To solve this problem it is necessary to use the concepts related to pressure depending on the depth (or height) in which the object is on that fluid. By definition this expression is given as
[tex]P = P_{atm} +\rho gh[/tex]
Where,
[tex]P_{atm} =[/tex] Atmospheric Pressure
[tex]\rho =[/tex]Density, water at this case
g = Gravity
h = Height
The equation basically tells us that under a reference pressure, which is terrestrial, as one of the three variables (gravity, density or height) increases the pressure exerted on the body. In this case density and gravity are constant variables.
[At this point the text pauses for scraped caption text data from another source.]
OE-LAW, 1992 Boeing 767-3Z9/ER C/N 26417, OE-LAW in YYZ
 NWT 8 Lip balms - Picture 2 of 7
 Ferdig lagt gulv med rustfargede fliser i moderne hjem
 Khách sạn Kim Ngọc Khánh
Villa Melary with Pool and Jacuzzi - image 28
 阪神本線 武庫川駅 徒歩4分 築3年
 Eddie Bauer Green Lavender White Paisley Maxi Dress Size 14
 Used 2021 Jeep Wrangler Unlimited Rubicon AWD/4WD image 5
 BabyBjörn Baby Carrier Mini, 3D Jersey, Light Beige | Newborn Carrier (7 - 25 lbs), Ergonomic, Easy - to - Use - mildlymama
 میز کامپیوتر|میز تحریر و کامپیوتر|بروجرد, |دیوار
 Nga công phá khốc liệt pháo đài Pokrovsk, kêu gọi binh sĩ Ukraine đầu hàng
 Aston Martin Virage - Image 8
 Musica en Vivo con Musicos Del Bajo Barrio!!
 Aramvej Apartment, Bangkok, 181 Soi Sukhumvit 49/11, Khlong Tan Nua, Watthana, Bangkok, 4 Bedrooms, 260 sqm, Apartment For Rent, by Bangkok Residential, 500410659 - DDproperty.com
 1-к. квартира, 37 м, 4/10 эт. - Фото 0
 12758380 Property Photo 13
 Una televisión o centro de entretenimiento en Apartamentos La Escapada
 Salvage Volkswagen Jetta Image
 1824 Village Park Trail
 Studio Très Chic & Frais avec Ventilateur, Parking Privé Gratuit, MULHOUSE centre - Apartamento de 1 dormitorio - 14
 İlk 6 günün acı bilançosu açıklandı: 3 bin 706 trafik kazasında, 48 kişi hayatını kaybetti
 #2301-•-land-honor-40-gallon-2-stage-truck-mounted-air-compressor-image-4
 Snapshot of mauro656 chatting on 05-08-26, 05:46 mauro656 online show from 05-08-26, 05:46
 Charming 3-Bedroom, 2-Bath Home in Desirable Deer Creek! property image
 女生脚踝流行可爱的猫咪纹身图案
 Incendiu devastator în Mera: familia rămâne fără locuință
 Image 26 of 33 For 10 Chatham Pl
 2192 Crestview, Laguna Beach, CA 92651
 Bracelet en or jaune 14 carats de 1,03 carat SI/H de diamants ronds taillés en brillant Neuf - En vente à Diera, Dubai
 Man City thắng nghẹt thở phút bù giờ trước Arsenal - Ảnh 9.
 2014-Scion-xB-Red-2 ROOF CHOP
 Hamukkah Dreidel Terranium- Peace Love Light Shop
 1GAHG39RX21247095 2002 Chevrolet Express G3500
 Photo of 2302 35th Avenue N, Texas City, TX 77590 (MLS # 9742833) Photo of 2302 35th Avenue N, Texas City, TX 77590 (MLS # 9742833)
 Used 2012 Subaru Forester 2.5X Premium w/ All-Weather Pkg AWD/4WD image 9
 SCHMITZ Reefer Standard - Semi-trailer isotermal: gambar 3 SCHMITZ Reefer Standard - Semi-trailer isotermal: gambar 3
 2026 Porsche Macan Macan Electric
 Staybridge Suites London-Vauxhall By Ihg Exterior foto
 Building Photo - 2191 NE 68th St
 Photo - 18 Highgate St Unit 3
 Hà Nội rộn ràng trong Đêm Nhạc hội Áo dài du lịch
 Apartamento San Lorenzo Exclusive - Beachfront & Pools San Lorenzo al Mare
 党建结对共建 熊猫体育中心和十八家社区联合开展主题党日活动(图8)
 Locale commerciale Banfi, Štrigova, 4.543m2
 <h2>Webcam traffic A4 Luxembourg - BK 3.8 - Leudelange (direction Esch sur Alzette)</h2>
The only variable that changes in the frame of reference is the height.
Our values are given as
[tex]P_{atm} = 1.013*10^5Pa[/tex]
[tex]\rho = 1000Kg/m^3[/tex]
[tex]g = 9.8m/s^2[/tex]
[tex]h = 0.78m[/tex]
Replacing at the equation we have,
[tex]P = P_{atm} +\rho gh[/tex]
[tex]P = 1.013*10^5 +(1000)(9.8)(0.78)[/tex]
[tex]P = 108944Pa[/tex]
[tex]P = 0.1089Mpa[/tex]
Therefore the pressure inside the hose is 0.1089Mpa